What you should do: What you give back should be only the lines from the one holding "Zapato Hombre Futbol" through the final line of the records, each reproduced exactly.

Exercise input:
....................
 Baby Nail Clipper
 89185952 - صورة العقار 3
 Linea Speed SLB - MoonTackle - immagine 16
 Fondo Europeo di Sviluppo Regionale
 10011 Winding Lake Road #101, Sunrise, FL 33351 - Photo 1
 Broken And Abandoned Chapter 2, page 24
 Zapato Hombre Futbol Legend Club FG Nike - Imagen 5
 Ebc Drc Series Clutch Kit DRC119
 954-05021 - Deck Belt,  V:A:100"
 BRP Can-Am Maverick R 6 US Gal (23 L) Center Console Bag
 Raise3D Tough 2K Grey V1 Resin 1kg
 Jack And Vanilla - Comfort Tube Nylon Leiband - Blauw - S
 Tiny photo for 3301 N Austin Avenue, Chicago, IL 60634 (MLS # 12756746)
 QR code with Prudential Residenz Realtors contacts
....................
Solution:
 Zapato Hombre Futbol Legend Club FG Nike - Imagen 5
 Ebc Drc Series Clutch Kit DRC119
 954-05021 - Deck Belt,  V:A:100"
 BRP Can-Am Maverick R 6 US Gal (23 L) Center Console Bag
 Raise3D Tough 2K Grey V1 Resin 1kg
 Jack And Vanilla - Comfort Tube Nylon Leiband - Blauw - S
 Tiny photo for 3301 N Austin Avenue, Chicago, IL 60634 (MLS # 12756746)
 QR code with Prudential Residenz Realtors contacts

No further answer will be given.